Wednesday, May 10, 2023

Yeah, It's Real

 


It's May 10 and already the wildfire 'season' is well advanced.  This year it appears to be Alberta's turn, which will then turn into Saskatchewan's, turn, then Manitoba's, and then Ontarians will be complaining because of our smoke.  While we may have been living with it for weeks, or - given it's only May - months.  For me, personally, the smoke became an issue yesterday with high pollution indexes for the entire city, during a heat wave (seriously, in early MAY?)

Yes, we have wild fires.  Never this bad, this early.

The photo is from last night and shows the smoke dispersion over Alberta.  The red is the very high concentrations of smoke, most likely over the actual big fires burning.  The mountains are holding some of it back, but we have our own fires and yesterday the skies here were yellow with it.

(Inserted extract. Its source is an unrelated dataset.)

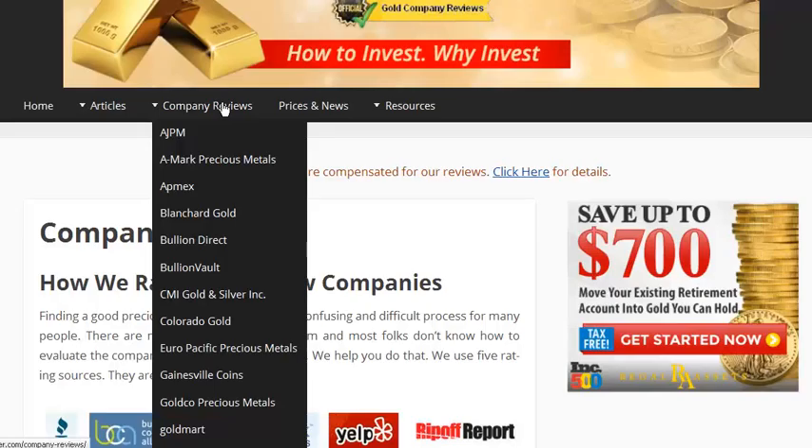It's really important if you're going to set up a gold IRA that you work with a reputable and trustworthy precious metal dealer. The pricing that you get and making sure you get the right products for your particular needs — be that in gold, silver, platinum, or palladium — is very, very important.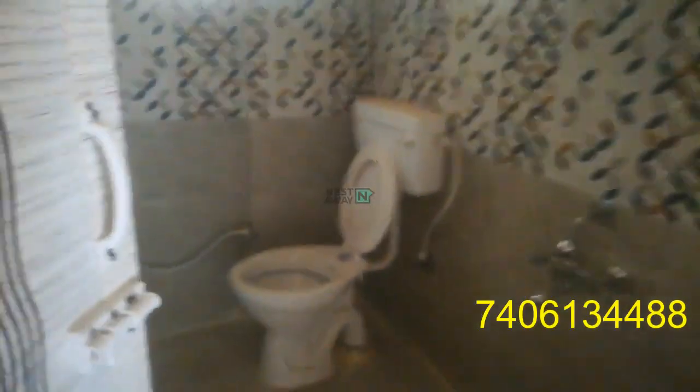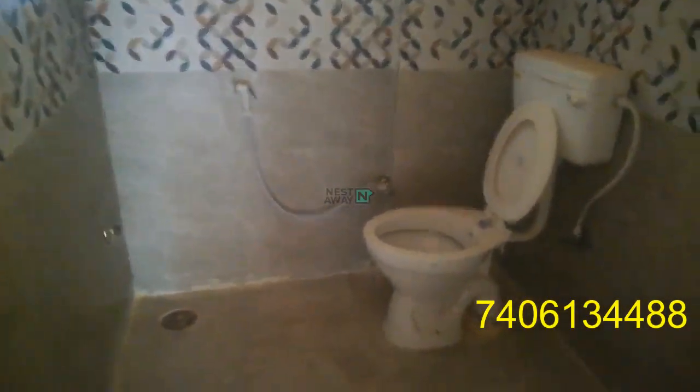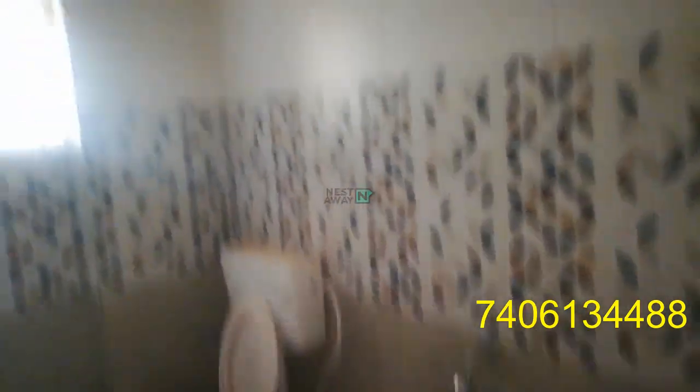This is the common washroom. Shower is there. Geyser will be fixed here once the tenant is moving in.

This is one of the faces of climate change.  The next face will be after the rains come and there is no vegetation left to help the water soak into the soil, and then the water runs off with the topsoil.  In Alberta, especially, this is going to be a disaster for agriculture.  And lord help us if the fires get into the tar sands and that lights up.

There is already too much carbon in the atmosphere and this smoke?  Is full of it and increasing an already overly burdened atmosphere with yet more carbon.  And round and round we go.

The disaster of wildfires is not just the land that burns, it's the smoke in the air, harmful to everyone's lungs, yes, including other animals.  It's the increase in carbon.  The soil erosion.  The landslides as steep slopes devoid of trees get washed downwards, taking out roads, homes, and in some cases lives.  And not just human lives, the lives of any of the animals who ALSO call this planet home.  And then, of course, the flooding because the water comes down from the clouds, isn't captured in the soil but enters the rivers, and rushes downwards to the sea.  And then places that are closer to sea level, like the entire southwestern corner of our province, you know, the one with about 3/4s of the population of BC, floods and wipes out the agriculture in the Fraser valley, killing the chickens, pigs, cows, etc., killing the crops, destroying billions of dollars of the economy.  Instead of tackling climate change, politicians simply budget for more disasters, ignoring the fact that these disasters will increase in number and severity the longer we ignore climate change.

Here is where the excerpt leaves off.